Post # 1
So after messing around with my ring, I noticed it was quite dirty, super dull and had some hard water scale. It’d been a while since I cleaned it. After nosing around on PS, I cleaned it with these steps: Soak in 100% acetone for 30 mins to dissolve oils. Rinse and soak in boiling water for 5 minutes. Soak in cider vinegar for 30 mins, (to remove scale), rinse and then use paint brush (wet with acetone) with very thin but stiff bristles get at the pavilion. Rinse in distilled water and dry with hair dryer to ensure no water spots. My basket makes it very hard to clean the underside, and very easy for crud to get trapped. But this seems to have done the trick. It went from dull to beautiful. I have YG and all of these ingredients were safe for it, according to the folks over at PS. Of course I can’t and don’t want to advocate this process for anyone else, just sharing what I did.
Since different metals and stones respond differently, please don’t take my word for anything and clean your rings safely. This ring is 14k WG and natural diamond, FWIW.
Post # 4
AFTER: Some fire, finally!
Post # 5
Nice! I can definitely see in the before pic, that the diamond is slightly cloudier/duller. The after pic is definitely much clearer and has fire in the diamond.
Post # 6
I literally said out loud “Wowwzaa” 😂lol It looks great!!
Post # 7
chatnoir : cabowedding2019 :
Thanks. Loving that acetone. I had been using ammonia and/or isopropyl alcohol, but those weren’t too good at getting the pavilion really clean. I’m sticking with a nice acetone bath a couple times per month.
Post # 8
Oh my gosh, that’s freaking amazing. I need to do this.
Post # 9
Absolutely amazing. The ingredients do scare me a little LOL but I totally trust you. I just would die if anything happened to my baby and my husband might spank me LOL JK. I cant believe how incredible your ring looks! Im drooling.
Post # 10
That is an excellent result! The sparkles really stand out in the first after pic. I’m going to try that apple cider vinegar soak. I’m still wary of the acetone and boiling water steps!

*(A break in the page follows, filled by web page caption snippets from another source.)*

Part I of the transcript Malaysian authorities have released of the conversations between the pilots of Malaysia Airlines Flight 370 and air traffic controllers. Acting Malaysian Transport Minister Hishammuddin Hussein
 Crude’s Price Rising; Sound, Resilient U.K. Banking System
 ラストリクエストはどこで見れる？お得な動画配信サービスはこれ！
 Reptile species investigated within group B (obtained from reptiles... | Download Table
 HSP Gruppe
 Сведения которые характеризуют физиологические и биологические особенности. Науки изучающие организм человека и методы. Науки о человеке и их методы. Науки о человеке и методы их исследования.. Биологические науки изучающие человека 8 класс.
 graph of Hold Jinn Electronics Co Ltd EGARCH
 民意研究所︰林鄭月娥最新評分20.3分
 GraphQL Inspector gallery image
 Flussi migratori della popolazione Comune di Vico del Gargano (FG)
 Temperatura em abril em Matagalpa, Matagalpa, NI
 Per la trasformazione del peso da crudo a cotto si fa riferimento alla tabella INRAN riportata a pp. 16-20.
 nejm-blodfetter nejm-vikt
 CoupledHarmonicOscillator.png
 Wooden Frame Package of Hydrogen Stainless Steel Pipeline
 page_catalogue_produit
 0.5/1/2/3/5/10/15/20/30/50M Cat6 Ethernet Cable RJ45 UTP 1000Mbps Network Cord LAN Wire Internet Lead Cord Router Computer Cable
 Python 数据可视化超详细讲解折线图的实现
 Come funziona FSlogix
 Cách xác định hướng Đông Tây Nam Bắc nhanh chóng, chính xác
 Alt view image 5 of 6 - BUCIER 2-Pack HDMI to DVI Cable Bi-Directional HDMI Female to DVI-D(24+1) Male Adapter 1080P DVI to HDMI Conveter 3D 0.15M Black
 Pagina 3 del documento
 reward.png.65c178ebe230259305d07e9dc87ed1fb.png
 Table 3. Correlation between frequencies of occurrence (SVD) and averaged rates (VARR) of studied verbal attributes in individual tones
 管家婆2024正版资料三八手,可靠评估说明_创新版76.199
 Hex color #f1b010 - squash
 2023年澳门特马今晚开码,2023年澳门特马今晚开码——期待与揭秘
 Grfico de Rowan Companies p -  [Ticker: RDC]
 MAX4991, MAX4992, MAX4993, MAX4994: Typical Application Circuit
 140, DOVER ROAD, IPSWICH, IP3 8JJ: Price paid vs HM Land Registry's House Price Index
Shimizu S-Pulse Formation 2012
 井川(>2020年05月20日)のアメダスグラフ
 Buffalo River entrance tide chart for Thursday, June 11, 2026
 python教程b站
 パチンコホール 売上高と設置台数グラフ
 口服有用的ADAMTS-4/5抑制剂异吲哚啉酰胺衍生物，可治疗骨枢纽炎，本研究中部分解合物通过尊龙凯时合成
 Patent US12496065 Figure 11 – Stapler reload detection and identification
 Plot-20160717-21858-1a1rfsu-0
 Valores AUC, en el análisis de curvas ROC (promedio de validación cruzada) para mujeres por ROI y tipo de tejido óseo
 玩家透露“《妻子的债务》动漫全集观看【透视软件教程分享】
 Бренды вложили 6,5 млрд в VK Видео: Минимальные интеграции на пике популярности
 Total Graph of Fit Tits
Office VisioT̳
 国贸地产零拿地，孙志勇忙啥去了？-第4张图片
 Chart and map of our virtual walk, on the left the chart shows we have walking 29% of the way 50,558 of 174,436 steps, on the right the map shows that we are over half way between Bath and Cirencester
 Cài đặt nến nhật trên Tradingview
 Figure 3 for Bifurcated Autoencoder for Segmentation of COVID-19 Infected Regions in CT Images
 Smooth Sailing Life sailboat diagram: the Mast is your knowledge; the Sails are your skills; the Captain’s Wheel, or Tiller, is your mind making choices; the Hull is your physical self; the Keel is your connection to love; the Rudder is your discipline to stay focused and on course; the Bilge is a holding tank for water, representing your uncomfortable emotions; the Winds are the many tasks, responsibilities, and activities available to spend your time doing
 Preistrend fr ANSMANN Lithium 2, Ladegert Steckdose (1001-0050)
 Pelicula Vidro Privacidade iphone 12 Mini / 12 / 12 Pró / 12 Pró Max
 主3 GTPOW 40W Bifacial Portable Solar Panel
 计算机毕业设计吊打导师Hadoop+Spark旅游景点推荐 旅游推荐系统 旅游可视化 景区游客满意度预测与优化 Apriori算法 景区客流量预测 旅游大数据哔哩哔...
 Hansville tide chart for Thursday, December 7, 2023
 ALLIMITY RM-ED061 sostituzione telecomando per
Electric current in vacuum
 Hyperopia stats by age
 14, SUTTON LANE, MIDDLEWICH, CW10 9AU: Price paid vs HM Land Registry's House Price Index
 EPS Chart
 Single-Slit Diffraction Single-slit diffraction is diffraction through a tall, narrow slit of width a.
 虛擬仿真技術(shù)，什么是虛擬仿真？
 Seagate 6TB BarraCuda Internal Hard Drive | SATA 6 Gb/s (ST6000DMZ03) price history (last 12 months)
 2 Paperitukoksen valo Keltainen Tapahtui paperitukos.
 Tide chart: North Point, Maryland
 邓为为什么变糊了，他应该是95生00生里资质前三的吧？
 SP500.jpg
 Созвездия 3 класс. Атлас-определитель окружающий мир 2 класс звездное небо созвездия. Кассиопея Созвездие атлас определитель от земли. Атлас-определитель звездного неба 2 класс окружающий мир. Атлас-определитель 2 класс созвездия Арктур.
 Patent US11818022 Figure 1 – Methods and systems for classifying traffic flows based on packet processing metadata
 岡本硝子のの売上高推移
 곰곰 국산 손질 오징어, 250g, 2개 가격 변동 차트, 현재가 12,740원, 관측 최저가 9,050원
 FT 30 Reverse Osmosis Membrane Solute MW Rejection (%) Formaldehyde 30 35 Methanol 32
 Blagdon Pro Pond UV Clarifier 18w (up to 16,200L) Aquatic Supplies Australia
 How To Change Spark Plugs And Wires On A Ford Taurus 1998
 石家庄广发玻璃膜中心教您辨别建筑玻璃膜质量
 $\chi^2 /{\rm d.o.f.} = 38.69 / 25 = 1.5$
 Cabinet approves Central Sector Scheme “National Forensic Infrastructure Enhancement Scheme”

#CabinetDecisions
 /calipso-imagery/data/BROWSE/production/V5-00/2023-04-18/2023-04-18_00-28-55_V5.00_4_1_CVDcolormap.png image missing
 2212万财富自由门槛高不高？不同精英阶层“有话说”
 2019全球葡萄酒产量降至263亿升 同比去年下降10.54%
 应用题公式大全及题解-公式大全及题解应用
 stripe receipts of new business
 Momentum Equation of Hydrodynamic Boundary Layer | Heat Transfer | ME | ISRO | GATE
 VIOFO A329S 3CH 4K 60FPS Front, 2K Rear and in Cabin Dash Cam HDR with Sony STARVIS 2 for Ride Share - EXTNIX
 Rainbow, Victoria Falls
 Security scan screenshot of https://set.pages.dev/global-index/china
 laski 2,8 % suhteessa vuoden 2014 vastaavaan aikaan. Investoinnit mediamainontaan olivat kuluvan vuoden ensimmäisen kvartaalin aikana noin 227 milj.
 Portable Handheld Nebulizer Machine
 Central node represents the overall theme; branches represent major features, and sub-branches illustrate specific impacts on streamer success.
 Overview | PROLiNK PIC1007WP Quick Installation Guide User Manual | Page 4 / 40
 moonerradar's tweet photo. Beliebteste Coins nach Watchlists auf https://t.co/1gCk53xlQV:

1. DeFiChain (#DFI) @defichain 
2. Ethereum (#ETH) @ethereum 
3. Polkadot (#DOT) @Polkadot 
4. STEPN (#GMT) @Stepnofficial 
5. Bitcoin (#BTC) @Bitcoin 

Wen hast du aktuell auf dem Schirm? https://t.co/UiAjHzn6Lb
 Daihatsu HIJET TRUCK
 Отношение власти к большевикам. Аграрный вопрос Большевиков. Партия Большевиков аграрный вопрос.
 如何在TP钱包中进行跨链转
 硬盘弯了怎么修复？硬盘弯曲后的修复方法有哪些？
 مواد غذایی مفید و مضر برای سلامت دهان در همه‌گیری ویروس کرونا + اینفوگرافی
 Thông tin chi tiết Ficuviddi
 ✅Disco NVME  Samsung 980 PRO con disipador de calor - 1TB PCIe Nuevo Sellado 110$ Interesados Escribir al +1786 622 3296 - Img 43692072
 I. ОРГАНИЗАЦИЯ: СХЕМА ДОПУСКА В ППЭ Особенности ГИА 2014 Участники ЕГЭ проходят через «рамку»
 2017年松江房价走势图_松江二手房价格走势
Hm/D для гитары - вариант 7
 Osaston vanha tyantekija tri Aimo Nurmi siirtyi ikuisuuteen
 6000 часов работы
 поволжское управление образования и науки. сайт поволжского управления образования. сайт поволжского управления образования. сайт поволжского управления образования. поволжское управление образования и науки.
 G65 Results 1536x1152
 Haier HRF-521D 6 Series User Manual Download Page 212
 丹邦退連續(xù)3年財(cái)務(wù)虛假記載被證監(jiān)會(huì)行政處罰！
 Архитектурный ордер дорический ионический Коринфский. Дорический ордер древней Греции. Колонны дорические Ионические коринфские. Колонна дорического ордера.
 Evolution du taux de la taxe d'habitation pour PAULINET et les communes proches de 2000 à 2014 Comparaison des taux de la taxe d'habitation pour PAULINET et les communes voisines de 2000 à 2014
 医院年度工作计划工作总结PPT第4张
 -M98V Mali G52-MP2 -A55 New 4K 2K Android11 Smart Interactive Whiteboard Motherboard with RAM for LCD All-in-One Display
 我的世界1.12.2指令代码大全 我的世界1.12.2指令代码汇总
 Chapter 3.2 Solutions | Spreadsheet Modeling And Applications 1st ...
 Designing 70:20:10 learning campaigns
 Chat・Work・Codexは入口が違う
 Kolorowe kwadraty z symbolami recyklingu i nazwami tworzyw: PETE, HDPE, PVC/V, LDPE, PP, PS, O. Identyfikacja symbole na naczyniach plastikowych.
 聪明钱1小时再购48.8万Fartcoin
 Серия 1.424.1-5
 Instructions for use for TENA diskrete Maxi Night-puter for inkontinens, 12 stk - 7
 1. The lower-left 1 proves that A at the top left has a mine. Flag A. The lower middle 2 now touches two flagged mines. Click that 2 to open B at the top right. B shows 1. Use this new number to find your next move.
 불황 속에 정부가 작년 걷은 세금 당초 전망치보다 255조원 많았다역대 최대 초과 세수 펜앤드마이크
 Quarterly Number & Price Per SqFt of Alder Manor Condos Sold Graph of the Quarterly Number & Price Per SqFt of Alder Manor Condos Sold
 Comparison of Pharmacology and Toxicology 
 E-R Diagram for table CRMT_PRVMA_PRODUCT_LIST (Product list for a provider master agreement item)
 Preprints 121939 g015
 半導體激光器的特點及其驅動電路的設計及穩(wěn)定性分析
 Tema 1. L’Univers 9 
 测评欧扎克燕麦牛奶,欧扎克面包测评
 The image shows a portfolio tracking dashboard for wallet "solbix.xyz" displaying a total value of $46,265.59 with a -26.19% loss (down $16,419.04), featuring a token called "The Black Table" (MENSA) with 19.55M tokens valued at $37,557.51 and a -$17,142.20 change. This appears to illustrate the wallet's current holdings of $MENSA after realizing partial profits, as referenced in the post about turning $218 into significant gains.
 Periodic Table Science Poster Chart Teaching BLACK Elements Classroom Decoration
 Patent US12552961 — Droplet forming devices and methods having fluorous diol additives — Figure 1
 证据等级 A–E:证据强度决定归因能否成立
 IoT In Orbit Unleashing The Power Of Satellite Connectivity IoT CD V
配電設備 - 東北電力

After wearing my ring for a few years, I noticed that my willingness to take a lot of steps or solutions to clean my ring has taken a deep dive. So I just decided to get an ultrasonic cleaner so I can simply drop my ring in there while I’m in the shower and get it clean with no effort. I’ve been considering using the blow dryer to dry it afterwards- it does look so beautiful without any water spots.
Post # 11
Yeah, man, I hear you. I’ve been married for a while and my care of my rings has waned greatly. I don’t have an ultrasonic cleaner, but a friend of mine does and I’ve used it. I like it. Worth getting one, I think. But I have super hard water here in England and hers hasn’t been too great at removing scale when I get lazy and don’t clean it for months. I don’t know if it’s the specific cleanser she’s got or what. But I’m going to invest in one when I get back to the US. Hopefully it’ll help me keep it cleaner. I paint a lot and it gets nasty. Trying to remove Pebeo paints from it was a nightmare!
The vinegar worked really well. I just let it soak overnight again because why not. I didn’t actually boil the thing, I just boiled water and poured some into a ceramic little bowl. The acetone worked really well, too. I read on PS some posts by professional jewelers, gemologists, etc, that acetone is commonly used in some jewelry cleaning and crafting, and that enough for me to try it. I’ve noticed that isopropyl alcohol leaves a film, so I’m going to stick with using ammonia and vinegar for regular cleanings and save the acetone for deep cleanings once or twice per year.
Post # 12
Yeah I wouldn’t use acetone unless I was certain it wouldn’t harm my metals or stone. I did a fair amount of research before I decided to try it, and I’m thinking of getting a new setting here in the recent future so I wasn’t too worried about damaging the setting, and acetone is fine for untreated diamonds.
Post # 13
I use a counterintuitive method.
I dip my diamond ring in baby oil. The old, hardened oil (from many weeks’ worth of fingerprints, hand cream, etc.) dissolves in the baby oil. The baby oil remains on the ring but because it is new and unhardened it is more readily removed by detergent.
I then dip the ring in washing up liquid (know aa dish soap in the US).
Then I rinse the ring in cold water and put it back on my finger.
(Please note that I use a minimum amount of oil and I place the plug in the sink. I use this technique on diamonds and sapphires but NEVER on emeralds or pearls or opals.)
Post # 14
Supersleuth : I tried your recipe after reading one of your posts months ago and it worked out great! I have a diamond solitaire. Where did you get the baby oil idea?
Post # 15
janedoe27 : SS probably has some science knowledge; lipids are not water soluble. But it’s the same principle at work in a facial….oil on a face to dissolve the excess facial oil, wipe off, continue with the rest of the steps.